Weather Squadron officials at Little Rock Air Force Base said they received 5.1 inches during the three-day drenching. Observers for the National Weather Service reported more than four inches of rain in Cabot, in excess of 4.5 inches in Searcy and around 4.25 inches in Des Arc.

So far, in the first 15 days of January, the area has seen 6.64 inches of rain, more than 4.5 inches above the normal for the month, and there’s a slight chance for more rain this weekend.

The bulk of the rainfall from this past weekend’s storm came Saturday, with central Arkansas getting 2.73 inches of precipitation.

For the month, not only has the rainfall been above average, but also so has the temperature. The average for the month has been 55 degrees and the lows have been just 40 degrees. This compares to 30-year averages of 49.5 degrees for the high and 30.8 degrees for the low.
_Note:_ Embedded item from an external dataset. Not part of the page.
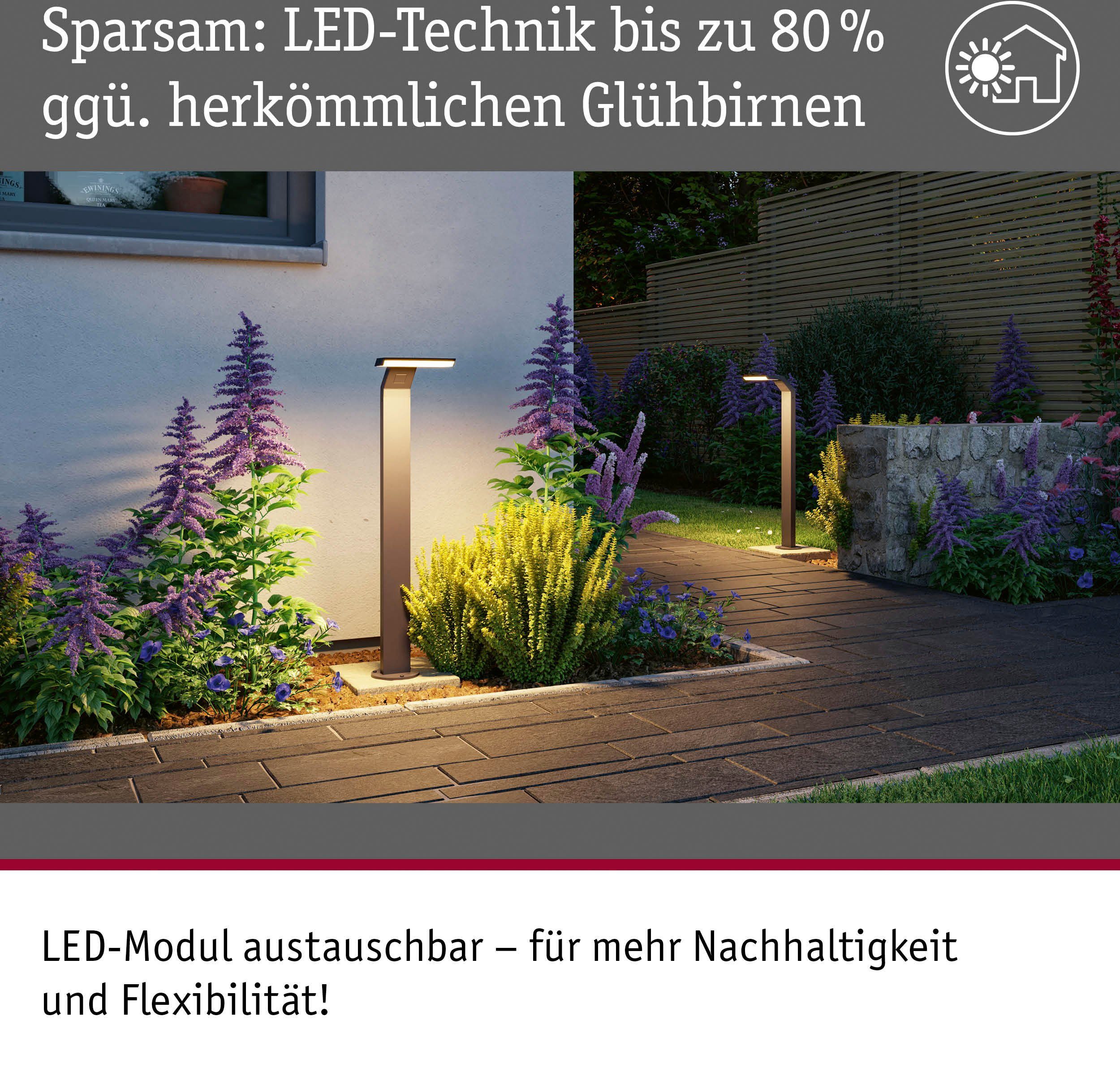 Paulmann LED anthrazit, 230V integriert, LED Gartenleuchte 3000K Zenera Pollerleuchte Warmweiß, fest seewasserresistent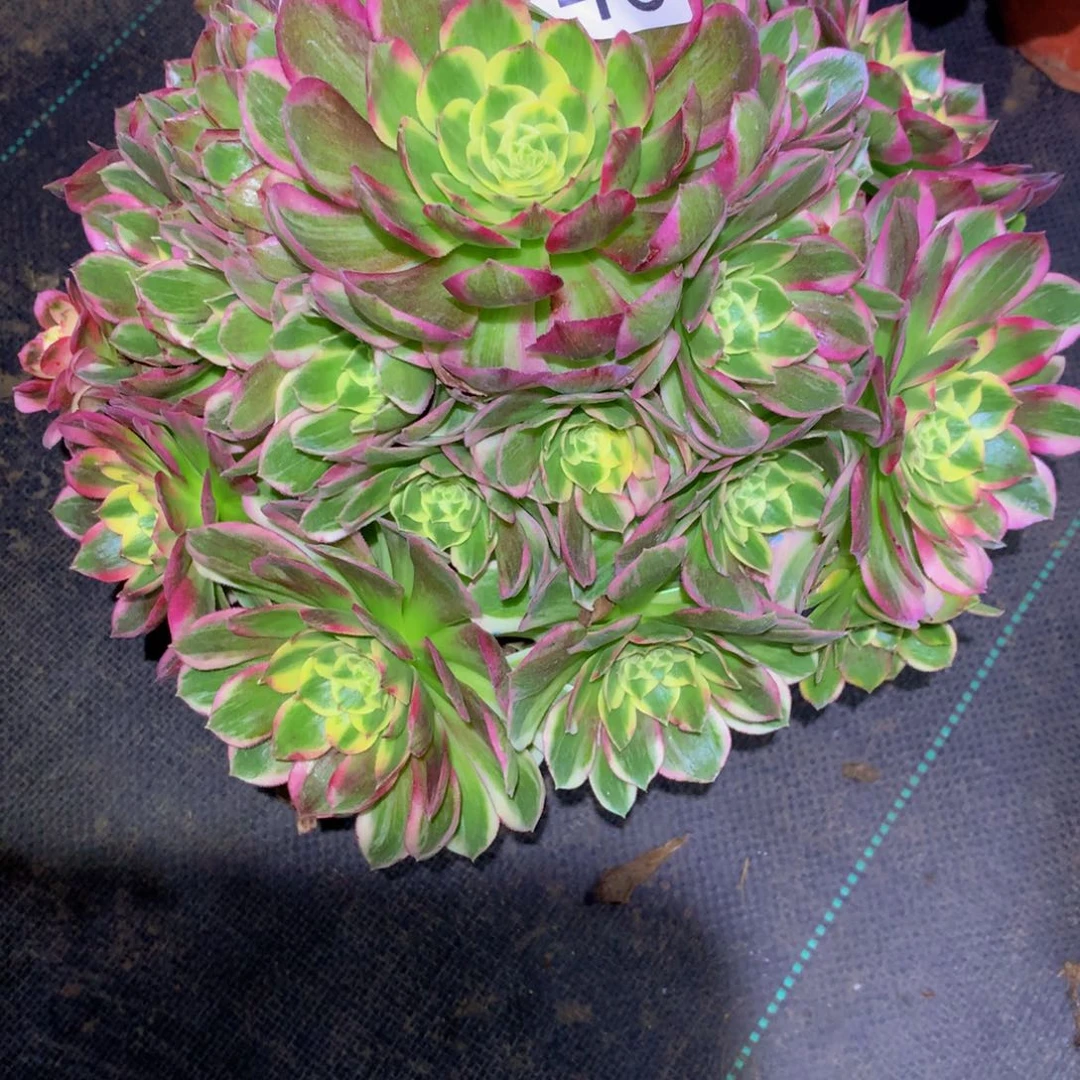 ****、法师多肉植物248海王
The wet and warm January comes on the heels of a warm and slightly dry 2006. The year tied 1938 for the fourth warmest year on record. The only warmer years were 1921, 1954, and 1998.

The state saw 48.75 inches of rain during the year, down 2.18 inches from the average of 50,93 inches per year.
In Jacksonville, Bayou Meto ,noted for quickly spilling over its banks during a heavy rainfall, went even further, extending beyond the fence line which divides Dupree Park and Parkview subdivision. Both are located off Redmond Road in Jacksonville.

“It’s in the backyards but it is not in the houses at Parkview,” said Capt. Robert Laws of the Jacksonville Fire Department on Monday. “We’re keeping a close eye out on it.”

Laws also mentioned the dangers of going around barricades put in place to close sections of roadways off to traffic. This week, he knew of only one roadway — West Main, a corridor linking Northlake Addition to Jacksonville. There is a bridge that also crosses the Bayou Meto along the roadway.

“The main problem is people in their cars going around barricades,” Laws said. “In the past, we’ve had several water rescues down there.”

The fire depratment worked out a contingency plan, which involved Sherwood emergency crews, due to the lack of a direct route between Jacksonville and Northlake subdivision. Sherwood Fire Department and MEMS will be the first responders to Northlake subdivision until the floodwaters subside, according to Laws. Jacksonville firefighters will still respond but must take a detour, involving a route along Hwy. 67/167 before taking the Kiehl Avenue exit.

At least, one recently built house nearby Homer Adkins Pre-K School off Arkansas 161 South had standing water to its side and in its backyard. Other yards were saturated with small water puddles scattered along the subdivision but no water covered the roadways in that area.

Near Reed’s Bridge across from a historic Civil War battlefield, water surrounded a building nearby a house as the Bayou Meto continued to expand out of its north bank late Monday afternoon. A mobile home on the south side of the Bayou Meto was also being threatened by the floodwaters.

The waters of the Bayou Meto did not cross over Reed’s Bridge but it did run wildly just underneath it. And along Redmond Road, water and debris caused drainage pipes to become invisible. Water pooled along both sides of the Redmond Road but fortunately never overflowed onto it.

Marty Trexler, a senior forecaster for the National Weather Service in North Little Rock, indicated that central Arkansas encountered between 4.73 and 6.53 inches of rainfall since this past Friday. The massive amount of rainfall led to localized flooding in low-lying areas across Pulaski County.

“We are finally seeing the back edge of it,” Trexler said on Monday morning. “And we just issued a winter weather advisory until noon today.”

Jacksonville did not receive any wintry mix from this weather advisory but NWS prediction of a cold front hitting Pulaski County came to past. Trexler said that temperatures would dip down to the mid-20s overnight into Monday night and before dawn on Tuesday. He also explained that the cold front would signal an end to the rainfall. A cold weather pattern is predicted to extend through Saturday.